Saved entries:

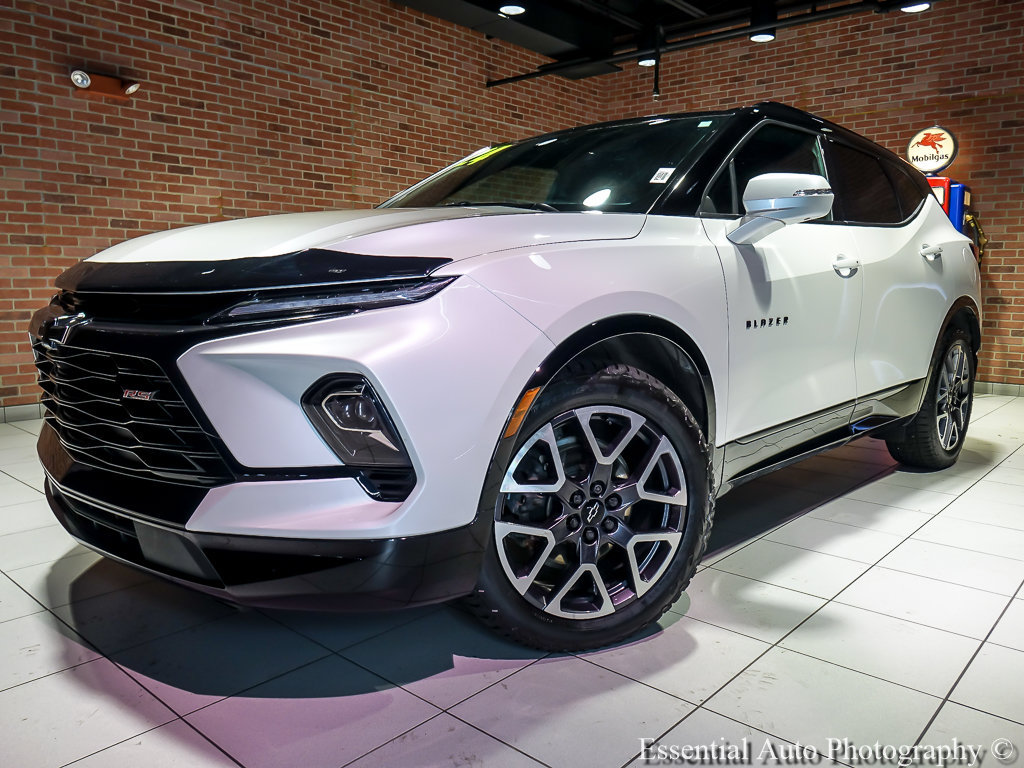 Certified 2024 Chevrolet Blazer RS w/ Driver Confidence II Package AWD/4WD image 2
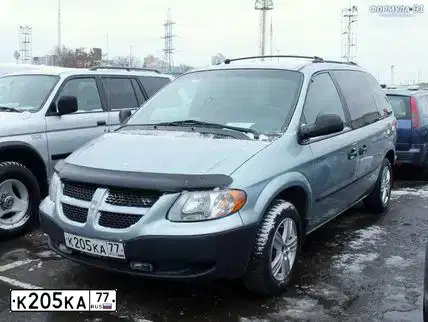 Фото автомобиля DODGE /GRAND/ CARAVAN, 2003 — госномер Е172РУ750. Цвет: СВЕТЛО-ГОЛУБОЙ
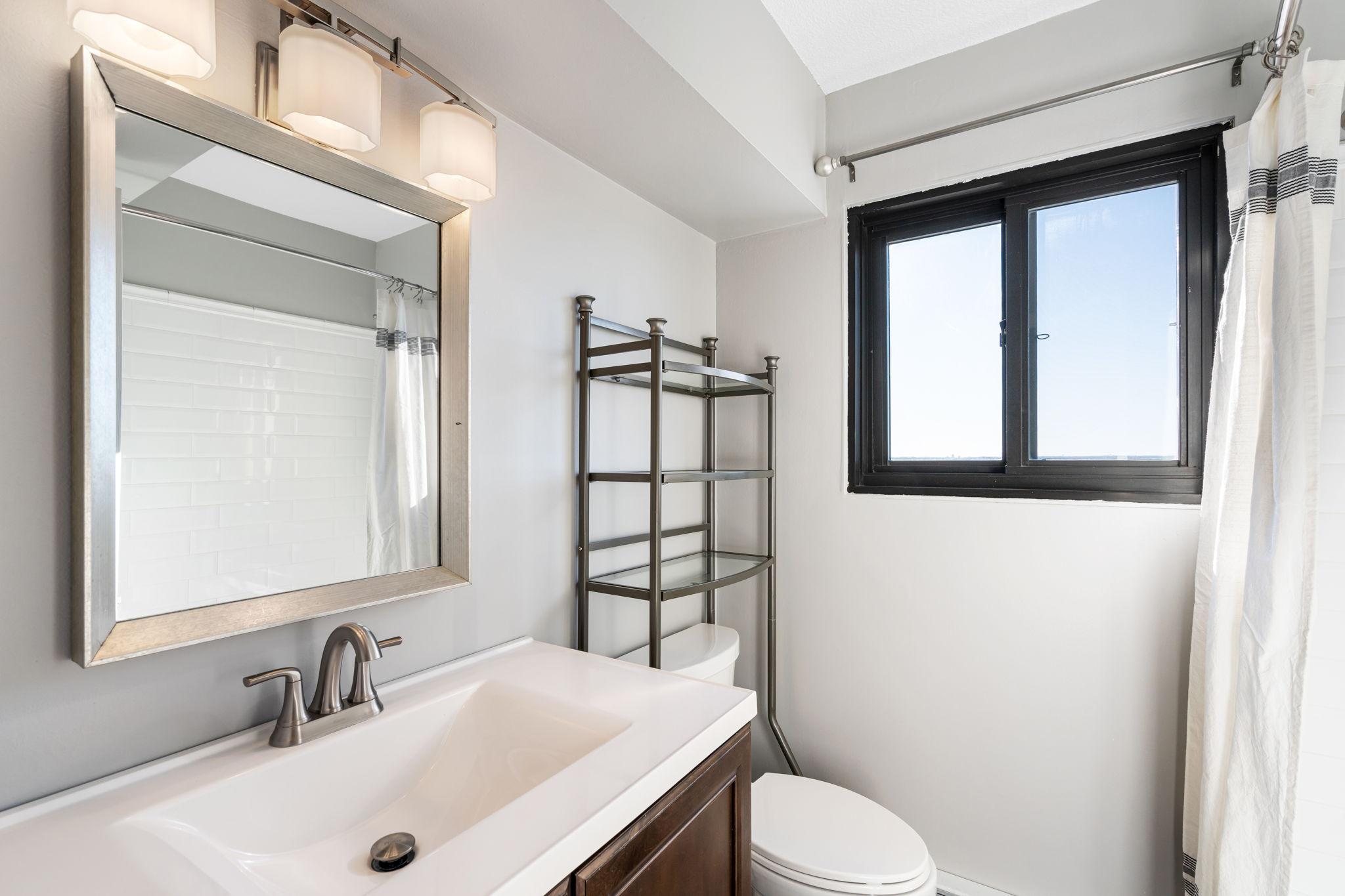 Full Bathroom.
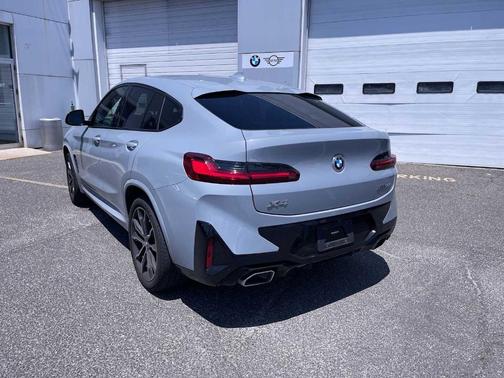 2022 BMW X4 xDrive30i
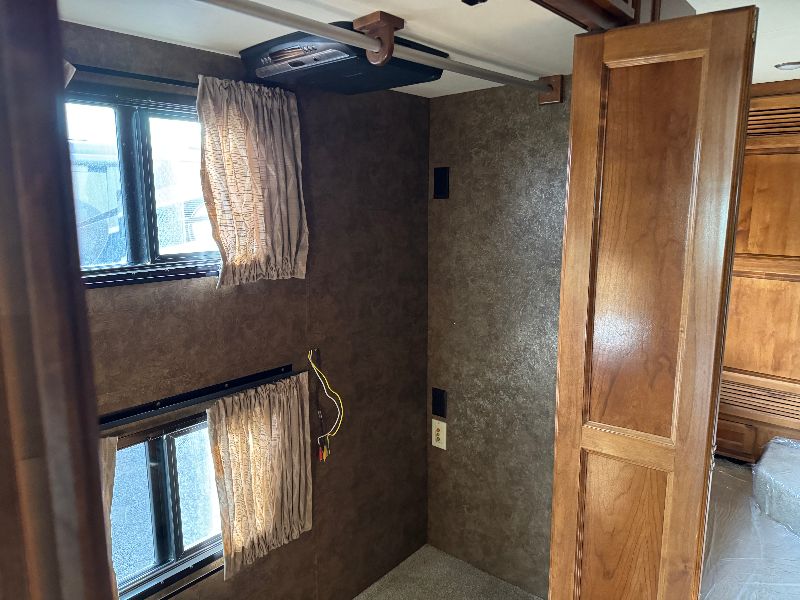 2015 Tiffin Allegro Red 38 QBA - Image 18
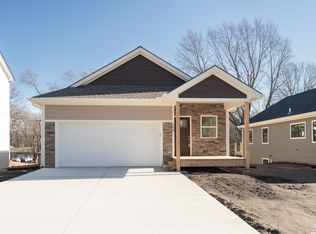 1228 Walnut St, Eudora, KS 66025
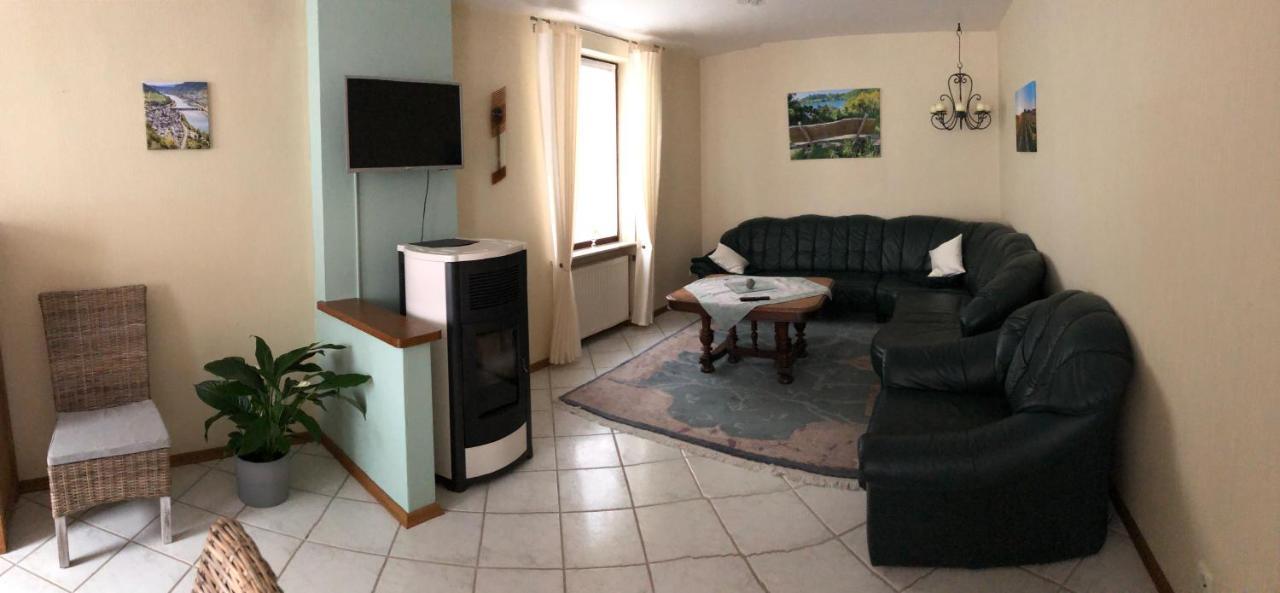 Ferienhaus Treis Neef Екстер'єр фото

WHAT TO DO: All lines from the one containing "2015 Tiffin Allegro Red 38 QBA - Image 18" to the last line of the records above, and no others, should be returned unchanged, without pictures.

WRITTEN RESPONSE:
 2015 Tiffin Allegro Red 38 QBA - Image 18
 1228 Walnut St, Eudora, KS 66025
 Ferienhaus Treis Neef Екстер'єр фото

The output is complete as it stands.